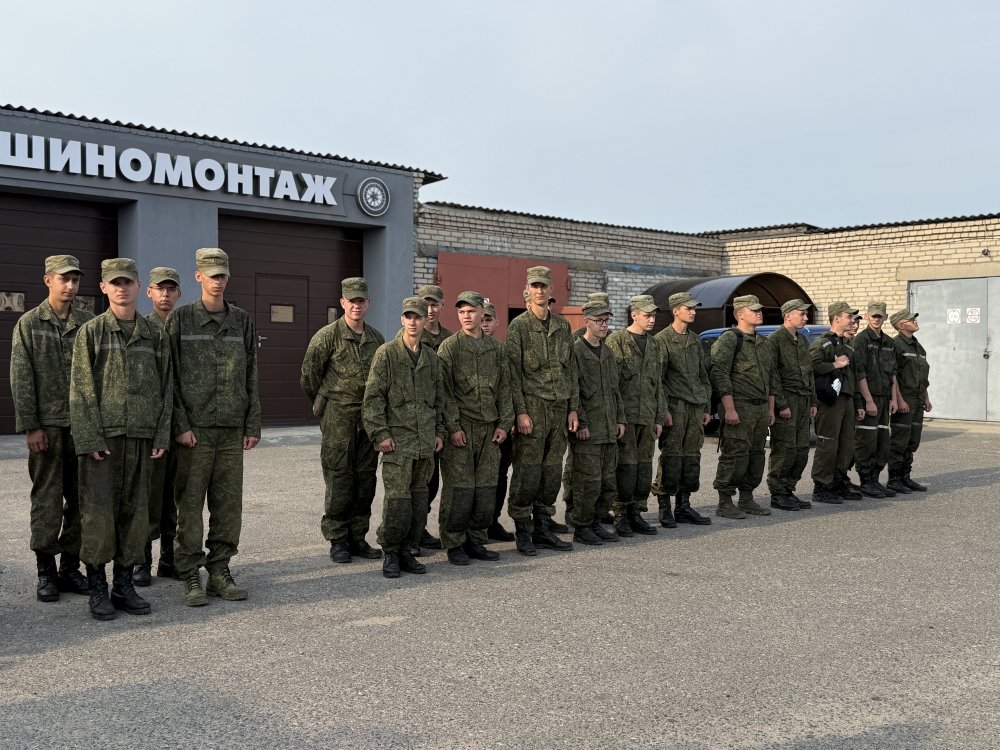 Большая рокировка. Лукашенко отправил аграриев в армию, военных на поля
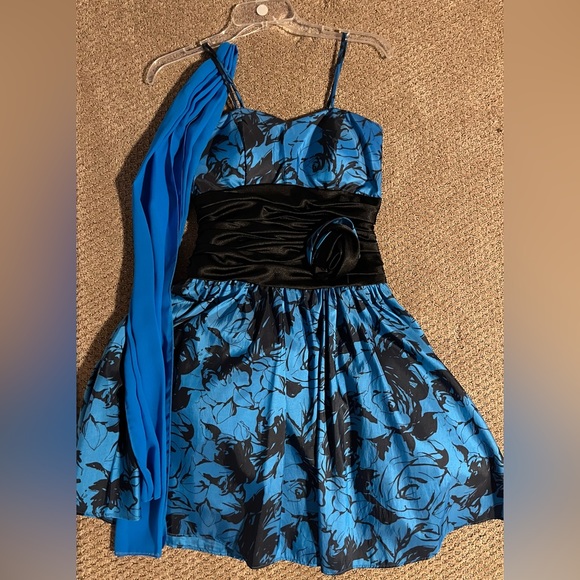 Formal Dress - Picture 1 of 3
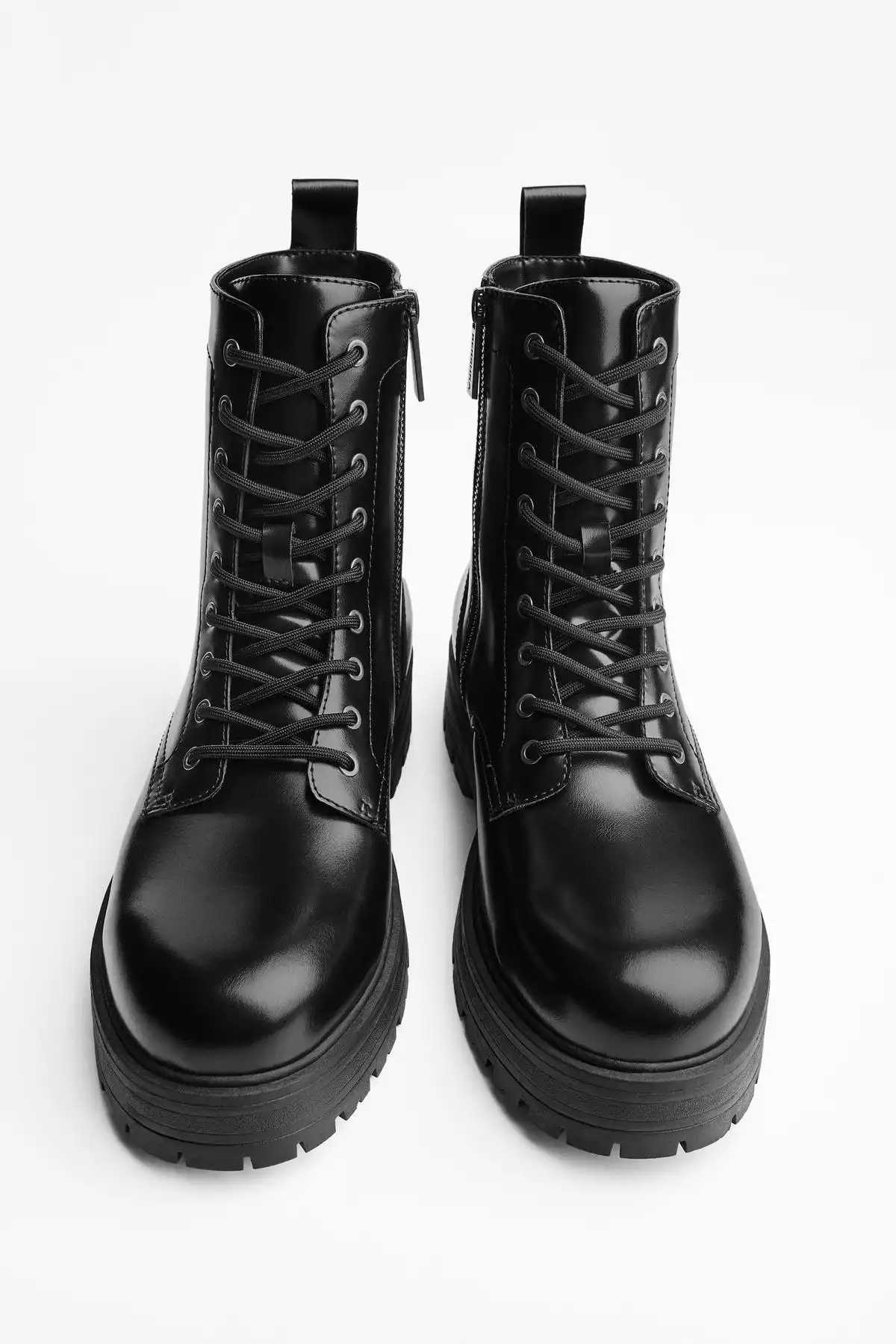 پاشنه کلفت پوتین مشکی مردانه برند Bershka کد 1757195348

» **Assigned task**
Your answer should contain all the material above, written out exactly, and none of the pictures.

» **Your solution**
 Большая рокировка. Лукашенко отправил аграриев в армию, военных на поля
 Formal Dress - Picture 1 of 3
 پاشنه کلفت پوتین مشکی مردانه برند Bershka کد 1757195348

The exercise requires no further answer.